Matt Stephens, Life in the Grupetto
Here’s the thing about professional cycling. It’s not the lycra, it’s not the drugs, and it’s not the spectacle of Lance talking about himself in the third person as that flawed guy who did the bad things.
It’s the grupetto: the paradoxical collaboration that breaks out among rivals who are struggling at the back of the race, once the whole thing starts climbing uphill. The riders who end up in the grupetto are mostly specialist sprinters. Sprinters are the ones who burst from the pack and ride crazily fast for about ten seconds at the end, but to do this they have to hang on over the whole day with everyone else. Once the bloated caravan of the Tour starts to climb a mountain, the formidably weird biomechanics of the specialist climbers kick in, the peleton swings after them—and the sprinters fall off the back. Watch these super athletes closely and they look as though they’re riding backwards.
The loneliness and stress of their predicament is extraordinary. If each tries to get over the mountain on their own, they’ll struggle to avoid time-based elimination, because the physics of road racing decisively favours a pack riding together over an individual struggling alone into a headwind. But it’s as individuals that they stand to lose.
Why don’t professional cyclists panic when they fall behind on these savage gradients? Why don’t they quit? It’s because they have a plan. They’re waiting. They know that in the tradition of their discipline, a grupetto will form and pick them up, and an experienced leader will emerge and take charge of the group.
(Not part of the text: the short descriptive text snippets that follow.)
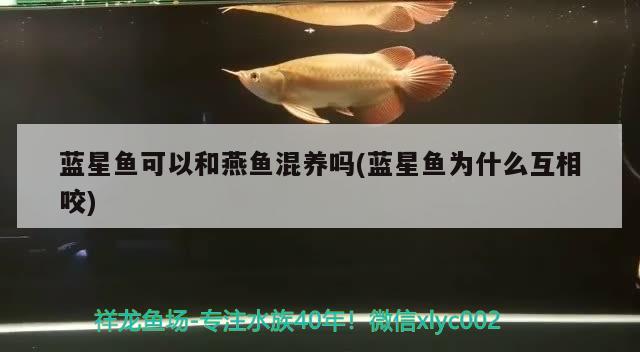 藍(lán)星魚可以和燕魚混養(yǎng)嗎(藍(lán)星魚為什么互相咬) 觀賞魚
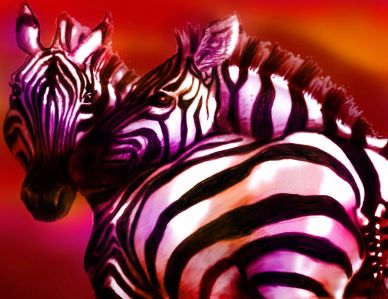 Two zebras with vibrant purple and pink hues against a warm, glowing background.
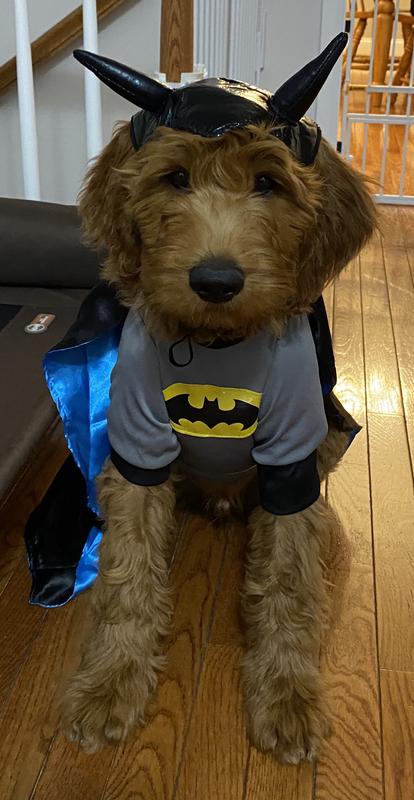 Large dog batman costume best sale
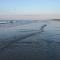 The Beach Is Calling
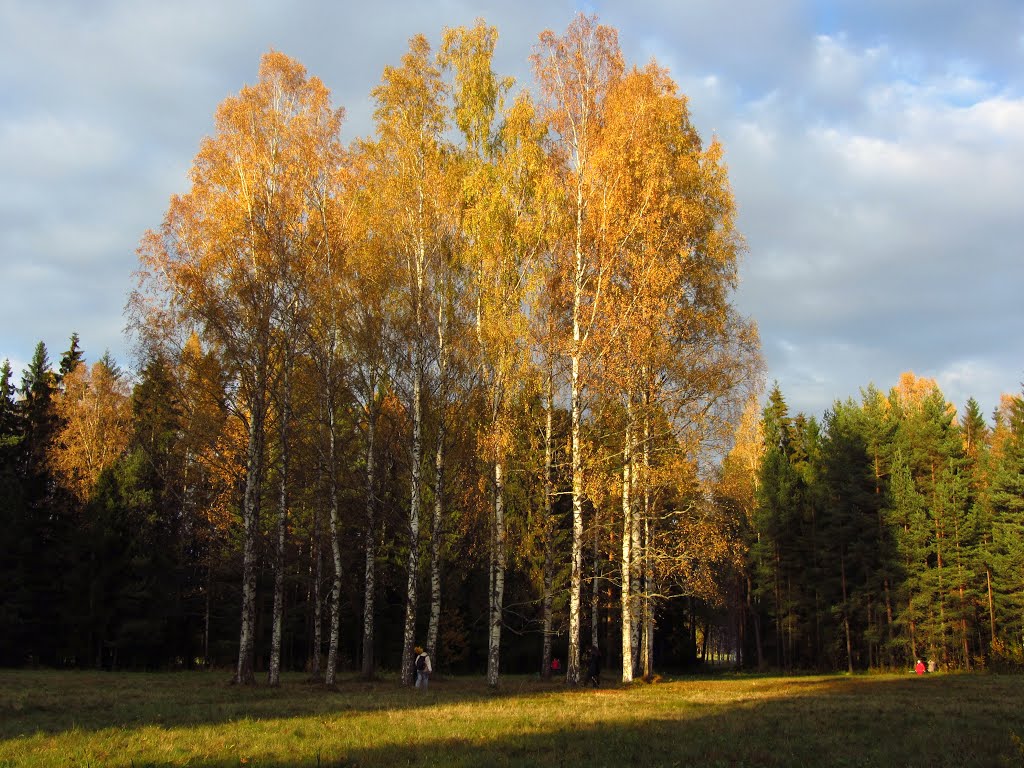 Павловск. Круг белых берёз/ Pavlovsk. Russia by Andrej Antipin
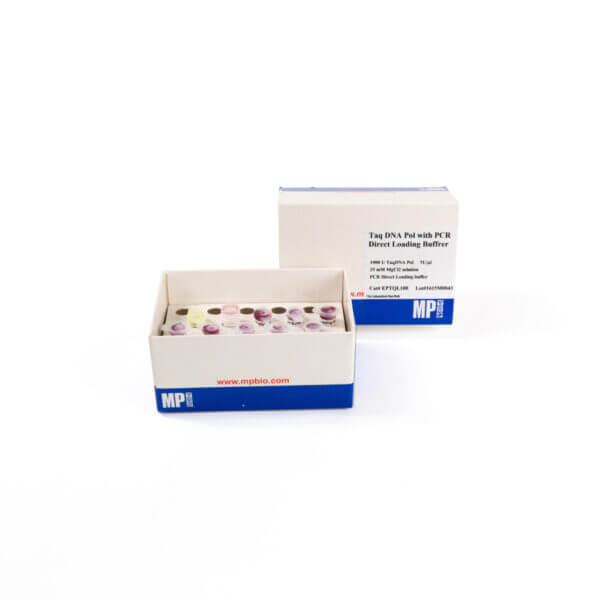 Taq DNA polymerase (5 U/uL), direct loading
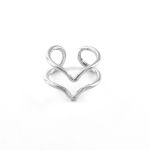 Anillo-Belsir-PNAP001.jpg
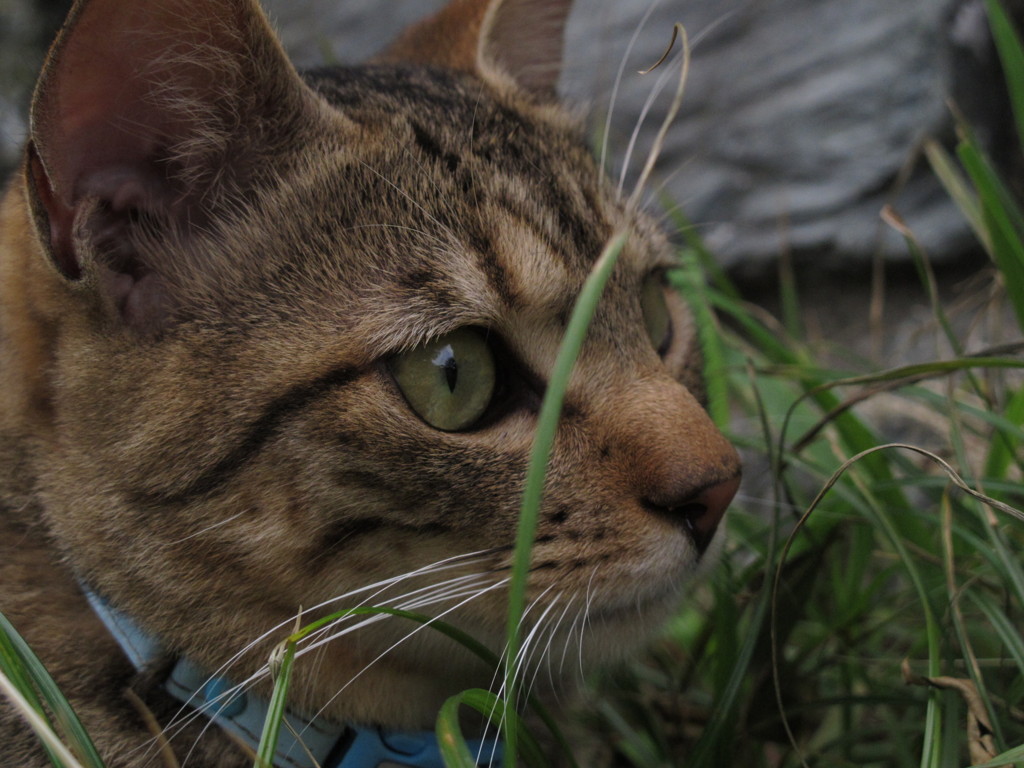江ノ島猫003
The grupetto will form afresh every time, taking in those who show up on the day, and sharing out the work of riding as they have to, so that they can all stay in touch with the action at the front. They have to trust each other, and work together.
Here’s a bit more from Matt Stephens’ reflection on the meaning of the grupetto:
In the Grupetto team tactics and rivalries are put to one side and a unique camaraderie flourishes with the theme of one common aim; to arrive at the finish safely and inside the time limit.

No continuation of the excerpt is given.